Para el final, el hombre se reservaba
el acto más arriesgado. Tomaría del agua que petrificó al conejo, y cuando
estuviese a punto de convertirse en un trozo de piedra, tan sólo con sus
silbidos, las obligaría a dejar su cuerpo.
Se bebió el contenido del frasco de
un trago, y casi al instante comenzó a transpirar. Su cuerpo, que denunciaba
una magritud excesiva, sudaba como un trozo de carne puesto sobre el fuego. La
toga se le pegó al cuerpo, como si estuviera bajo una lluvia torrencial.

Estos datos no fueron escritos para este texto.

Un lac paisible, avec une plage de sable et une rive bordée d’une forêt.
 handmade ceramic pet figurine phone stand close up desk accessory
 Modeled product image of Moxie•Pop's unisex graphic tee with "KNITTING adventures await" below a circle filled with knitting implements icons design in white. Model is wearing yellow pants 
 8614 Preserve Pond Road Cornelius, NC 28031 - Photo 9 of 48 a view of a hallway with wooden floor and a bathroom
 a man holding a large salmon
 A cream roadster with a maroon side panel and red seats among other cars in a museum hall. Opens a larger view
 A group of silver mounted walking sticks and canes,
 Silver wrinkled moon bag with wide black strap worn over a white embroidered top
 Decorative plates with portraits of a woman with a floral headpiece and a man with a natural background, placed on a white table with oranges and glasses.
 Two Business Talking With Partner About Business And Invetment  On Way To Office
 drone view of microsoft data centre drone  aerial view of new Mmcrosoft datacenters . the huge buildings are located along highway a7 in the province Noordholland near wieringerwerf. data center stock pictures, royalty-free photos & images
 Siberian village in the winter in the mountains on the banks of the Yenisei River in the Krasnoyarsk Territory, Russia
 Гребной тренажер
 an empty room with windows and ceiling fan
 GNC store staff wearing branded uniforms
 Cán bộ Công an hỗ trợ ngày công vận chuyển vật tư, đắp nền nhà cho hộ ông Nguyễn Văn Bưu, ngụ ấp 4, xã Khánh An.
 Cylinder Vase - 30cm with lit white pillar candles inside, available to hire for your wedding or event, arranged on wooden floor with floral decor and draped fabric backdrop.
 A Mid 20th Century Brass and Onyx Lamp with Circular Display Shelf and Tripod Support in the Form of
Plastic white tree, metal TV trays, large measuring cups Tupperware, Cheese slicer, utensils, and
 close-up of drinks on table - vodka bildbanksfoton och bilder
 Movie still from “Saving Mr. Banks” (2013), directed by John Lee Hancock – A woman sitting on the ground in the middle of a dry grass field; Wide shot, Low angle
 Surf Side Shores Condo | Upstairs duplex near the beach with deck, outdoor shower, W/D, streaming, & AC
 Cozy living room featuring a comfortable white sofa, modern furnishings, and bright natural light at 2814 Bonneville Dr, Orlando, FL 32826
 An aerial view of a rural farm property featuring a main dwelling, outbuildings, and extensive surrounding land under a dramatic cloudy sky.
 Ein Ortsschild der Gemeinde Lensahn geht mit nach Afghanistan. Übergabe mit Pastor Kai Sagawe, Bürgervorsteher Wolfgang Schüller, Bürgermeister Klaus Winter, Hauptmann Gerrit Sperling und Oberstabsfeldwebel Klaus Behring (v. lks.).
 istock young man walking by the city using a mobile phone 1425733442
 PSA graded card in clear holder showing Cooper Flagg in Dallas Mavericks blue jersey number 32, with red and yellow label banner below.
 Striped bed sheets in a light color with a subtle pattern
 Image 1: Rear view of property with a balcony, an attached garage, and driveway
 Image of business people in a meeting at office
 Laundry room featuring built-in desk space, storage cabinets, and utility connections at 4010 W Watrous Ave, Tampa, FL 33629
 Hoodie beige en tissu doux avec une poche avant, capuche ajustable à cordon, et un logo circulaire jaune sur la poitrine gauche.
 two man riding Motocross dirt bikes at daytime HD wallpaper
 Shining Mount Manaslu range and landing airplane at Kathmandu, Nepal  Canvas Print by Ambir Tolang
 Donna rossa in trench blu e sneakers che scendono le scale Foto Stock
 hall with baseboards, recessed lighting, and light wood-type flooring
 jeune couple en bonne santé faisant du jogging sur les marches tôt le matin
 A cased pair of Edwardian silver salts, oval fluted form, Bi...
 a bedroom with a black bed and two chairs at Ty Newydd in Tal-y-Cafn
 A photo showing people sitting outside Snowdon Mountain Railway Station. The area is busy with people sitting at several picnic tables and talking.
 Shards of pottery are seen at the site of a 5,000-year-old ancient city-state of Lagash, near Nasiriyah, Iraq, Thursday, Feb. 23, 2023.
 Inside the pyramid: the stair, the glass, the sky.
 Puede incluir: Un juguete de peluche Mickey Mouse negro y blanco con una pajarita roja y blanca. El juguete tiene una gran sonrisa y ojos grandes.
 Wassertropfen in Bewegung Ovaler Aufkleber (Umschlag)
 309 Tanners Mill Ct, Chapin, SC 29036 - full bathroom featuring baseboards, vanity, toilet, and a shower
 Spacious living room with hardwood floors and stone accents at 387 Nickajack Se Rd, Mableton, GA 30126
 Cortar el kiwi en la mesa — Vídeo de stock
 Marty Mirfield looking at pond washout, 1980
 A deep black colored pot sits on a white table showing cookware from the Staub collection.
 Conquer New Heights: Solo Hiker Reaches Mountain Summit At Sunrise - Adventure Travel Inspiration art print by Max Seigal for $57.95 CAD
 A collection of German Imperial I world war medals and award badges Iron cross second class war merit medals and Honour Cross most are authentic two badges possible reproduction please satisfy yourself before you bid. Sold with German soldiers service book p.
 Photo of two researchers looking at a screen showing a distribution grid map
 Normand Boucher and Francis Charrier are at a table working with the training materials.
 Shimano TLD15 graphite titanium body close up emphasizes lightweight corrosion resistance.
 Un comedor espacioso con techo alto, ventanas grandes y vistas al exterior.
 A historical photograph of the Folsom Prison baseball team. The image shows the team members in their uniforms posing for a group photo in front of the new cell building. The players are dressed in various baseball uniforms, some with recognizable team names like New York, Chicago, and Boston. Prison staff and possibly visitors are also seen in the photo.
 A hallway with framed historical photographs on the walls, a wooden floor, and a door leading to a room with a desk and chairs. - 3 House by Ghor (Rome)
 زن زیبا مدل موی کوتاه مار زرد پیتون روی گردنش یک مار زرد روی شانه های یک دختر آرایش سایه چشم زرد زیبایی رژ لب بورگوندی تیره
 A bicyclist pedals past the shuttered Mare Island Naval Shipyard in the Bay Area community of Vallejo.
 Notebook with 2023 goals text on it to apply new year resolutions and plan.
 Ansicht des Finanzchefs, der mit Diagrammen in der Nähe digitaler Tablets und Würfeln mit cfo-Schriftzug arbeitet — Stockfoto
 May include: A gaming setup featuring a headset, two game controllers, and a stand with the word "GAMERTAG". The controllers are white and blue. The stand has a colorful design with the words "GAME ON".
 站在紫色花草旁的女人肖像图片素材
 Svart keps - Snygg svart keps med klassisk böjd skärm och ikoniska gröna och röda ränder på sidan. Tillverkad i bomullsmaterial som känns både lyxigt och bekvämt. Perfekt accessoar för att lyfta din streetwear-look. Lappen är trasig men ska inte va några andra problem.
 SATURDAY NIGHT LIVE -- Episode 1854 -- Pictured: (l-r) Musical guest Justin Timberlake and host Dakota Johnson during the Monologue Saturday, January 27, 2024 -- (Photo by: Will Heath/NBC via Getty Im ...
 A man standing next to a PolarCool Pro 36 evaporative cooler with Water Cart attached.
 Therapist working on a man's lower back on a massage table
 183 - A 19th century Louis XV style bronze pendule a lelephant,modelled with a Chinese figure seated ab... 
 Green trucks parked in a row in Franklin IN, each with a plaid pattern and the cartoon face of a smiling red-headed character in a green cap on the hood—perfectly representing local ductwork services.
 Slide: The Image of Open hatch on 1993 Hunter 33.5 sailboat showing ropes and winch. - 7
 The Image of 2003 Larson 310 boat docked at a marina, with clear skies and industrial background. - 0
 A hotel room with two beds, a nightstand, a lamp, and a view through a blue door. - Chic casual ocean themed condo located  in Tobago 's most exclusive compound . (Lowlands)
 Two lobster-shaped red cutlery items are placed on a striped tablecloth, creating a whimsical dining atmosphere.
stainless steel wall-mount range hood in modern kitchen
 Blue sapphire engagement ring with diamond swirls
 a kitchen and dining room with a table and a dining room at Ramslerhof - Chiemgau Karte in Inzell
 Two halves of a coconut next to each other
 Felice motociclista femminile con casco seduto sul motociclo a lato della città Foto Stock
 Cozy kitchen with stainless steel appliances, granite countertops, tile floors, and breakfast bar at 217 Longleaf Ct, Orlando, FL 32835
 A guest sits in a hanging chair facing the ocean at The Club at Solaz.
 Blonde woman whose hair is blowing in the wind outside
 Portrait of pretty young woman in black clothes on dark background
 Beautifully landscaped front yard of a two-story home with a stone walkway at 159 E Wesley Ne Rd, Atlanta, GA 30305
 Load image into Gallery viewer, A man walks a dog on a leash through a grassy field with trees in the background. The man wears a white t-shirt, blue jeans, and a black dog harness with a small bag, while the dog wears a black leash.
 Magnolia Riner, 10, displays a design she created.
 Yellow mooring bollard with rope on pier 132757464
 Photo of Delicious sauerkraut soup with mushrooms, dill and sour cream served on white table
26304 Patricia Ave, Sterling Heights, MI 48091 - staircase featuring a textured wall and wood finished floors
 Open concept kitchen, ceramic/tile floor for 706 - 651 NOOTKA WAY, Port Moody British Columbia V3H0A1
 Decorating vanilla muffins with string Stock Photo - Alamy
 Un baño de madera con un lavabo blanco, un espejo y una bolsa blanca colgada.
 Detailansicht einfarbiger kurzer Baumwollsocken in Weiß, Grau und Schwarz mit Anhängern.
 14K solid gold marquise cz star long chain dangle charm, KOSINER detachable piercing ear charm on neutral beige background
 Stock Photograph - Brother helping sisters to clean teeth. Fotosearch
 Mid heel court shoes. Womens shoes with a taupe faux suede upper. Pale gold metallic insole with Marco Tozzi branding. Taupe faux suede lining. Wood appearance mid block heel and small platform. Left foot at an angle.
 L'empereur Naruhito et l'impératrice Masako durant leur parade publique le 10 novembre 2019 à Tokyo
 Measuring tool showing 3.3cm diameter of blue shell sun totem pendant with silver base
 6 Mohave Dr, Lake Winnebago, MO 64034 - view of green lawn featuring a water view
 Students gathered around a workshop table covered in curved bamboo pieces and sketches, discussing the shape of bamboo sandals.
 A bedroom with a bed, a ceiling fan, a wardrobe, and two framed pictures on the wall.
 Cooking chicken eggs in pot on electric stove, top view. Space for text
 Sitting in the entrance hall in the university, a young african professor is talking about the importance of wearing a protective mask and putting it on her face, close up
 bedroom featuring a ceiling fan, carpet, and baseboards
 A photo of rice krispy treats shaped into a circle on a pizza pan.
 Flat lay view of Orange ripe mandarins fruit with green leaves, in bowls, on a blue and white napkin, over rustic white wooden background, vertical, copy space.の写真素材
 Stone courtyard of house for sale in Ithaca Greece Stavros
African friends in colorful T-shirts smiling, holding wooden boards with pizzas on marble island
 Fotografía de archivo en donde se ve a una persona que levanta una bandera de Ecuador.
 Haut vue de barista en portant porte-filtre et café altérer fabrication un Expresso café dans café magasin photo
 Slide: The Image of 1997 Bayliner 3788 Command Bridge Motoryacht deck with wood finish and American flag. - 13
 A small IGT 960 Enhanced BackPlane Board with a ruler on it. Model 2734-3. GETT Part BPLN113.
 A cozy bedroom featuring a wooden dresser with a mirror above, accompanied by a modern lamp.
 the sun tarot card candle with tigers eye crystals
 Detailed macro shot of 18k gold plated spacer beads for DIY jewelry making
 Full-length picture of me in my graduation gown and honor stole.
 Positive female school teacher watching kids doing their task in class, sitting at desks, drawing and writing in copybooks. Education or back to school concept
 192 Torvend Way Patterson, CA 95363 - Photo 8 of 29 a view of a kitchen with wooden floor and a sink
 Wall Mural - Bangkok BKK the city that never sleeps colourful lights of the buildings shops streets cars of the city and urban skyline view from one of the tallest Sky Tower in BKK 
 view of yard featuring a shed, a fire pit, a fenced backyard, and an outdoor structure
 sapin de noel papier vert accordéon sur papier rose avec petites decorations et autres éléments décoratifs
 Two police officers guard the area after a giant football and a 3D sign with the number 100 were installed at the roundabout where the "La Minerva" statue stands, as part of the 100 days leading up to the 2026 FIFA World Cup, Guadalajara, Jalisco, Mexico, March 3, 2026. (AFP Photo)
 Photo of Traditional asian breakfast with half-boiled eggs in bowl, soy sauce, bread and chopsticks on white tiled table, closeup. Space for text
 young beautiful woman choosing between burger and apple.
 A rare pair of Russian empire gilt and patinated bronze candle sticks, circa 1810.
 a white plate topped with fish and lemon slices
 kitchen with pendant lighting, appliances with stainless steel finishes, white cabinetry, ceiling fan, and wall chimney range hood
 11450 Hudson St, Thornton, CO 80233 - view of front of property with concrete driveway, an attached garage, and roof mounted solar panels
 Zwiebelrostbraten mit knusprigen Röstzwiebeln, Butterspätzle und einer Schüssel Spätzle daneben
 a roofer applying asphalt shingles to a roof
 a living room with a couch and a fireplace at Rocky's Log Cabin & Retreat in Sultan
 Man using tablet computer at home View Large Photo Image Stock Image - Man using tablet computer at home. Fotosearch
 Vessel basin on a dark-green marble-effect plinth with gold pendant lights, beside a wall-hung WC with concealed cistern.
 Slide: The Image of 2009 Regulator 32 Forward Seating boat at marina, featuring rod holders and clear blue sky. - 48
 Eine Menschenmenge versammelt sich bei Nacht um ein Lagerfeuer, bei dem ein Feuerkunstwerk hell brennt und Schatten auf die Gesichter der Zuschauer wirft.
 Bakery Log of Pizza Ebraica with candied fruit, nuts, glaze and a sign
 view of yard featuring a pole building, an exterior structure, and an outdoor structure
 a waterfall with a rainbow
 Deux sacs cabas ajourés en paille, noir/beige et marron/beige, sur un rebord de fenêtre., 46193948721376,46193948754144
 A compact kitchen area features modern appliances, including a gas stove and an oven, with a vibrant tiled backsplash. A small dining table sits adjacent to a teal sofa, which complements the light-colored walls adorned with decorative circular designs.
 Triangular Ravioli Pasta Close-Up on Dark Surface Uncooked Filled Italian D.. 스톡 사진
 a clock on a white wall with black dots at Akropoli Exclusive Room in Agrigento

Después, igual que el conejo, sus
movimientos se volvieron convulsivos, y sus ojos se encendieron como el sol en
la temporada de sequía. Su piel perdió esa carencia de pigmento, que lo
acercaba a un francés destiñéndose por una fiebre eterna. Comenzaron a
aparecerle los primeros bultos que lo convirtieron en un tronco de parra,
reseco y agrietado.
-¡Señoras
y señores! -gritó, y su voz pareció surgir de un lugar ignoto-. Comprueben ustedes mismos. Aquí no hay
trucos. ¡Toquen, huelan!
La pestilencia que emanaba su cuerpo
inundó la pieza.
El hombre hablaba sin parar, y su
rostro era una seguidilla de gestos y contracciones. Los pómulos se le
encendieron de un rojo sanguinolento, que creímos terminaría incendiándolo.
De pronto su verborragia cesó, como
si acatara un mandato supremo, para quedar tieso, como una estatua que apenas
respiraba. Su piel parecía la de una roca reseca y agrietada. Con el último
hilo de respiración emitió su silbido que se volvió más quejumbroso, un lamento
desgarrador de condenado sin esperanzas.
En menos de quince minutos su cuerpo
comenzó a recobrar el aspecto inicial, regresándole el mutismo infranqueable.
En una cuchara pequeña dejó caer un poco de saliva para ponerla bajo los
lentes.
Ahí estaban nuevamente las bestias,
haciendo sus piruetas marcadas por la monotonía de los silbidos.
El domador se inclinó levemente para
recibir el aplauso. Miró a su secretaria y se perdió tras la puerta.
El circo seguía con su función, y
nosotros volvimos a nuestro lugar en las gradas. Después la proeza del Sr.
Weisz sería comentada y repetida por todo el pueblo, que se quedó mirando cómo
se desenrollaba la oruga de casillas y jaulas para perderse en el camino.
Varios años después el Circo de los
hermanos Letrán regresó, pero nada volvió a conmovernos. El Domador había
muerto, según se nos dijo, tras una rebelión de aquellas bestias ingobernables;
y ya nadie se atrevió a seguir sus pasos.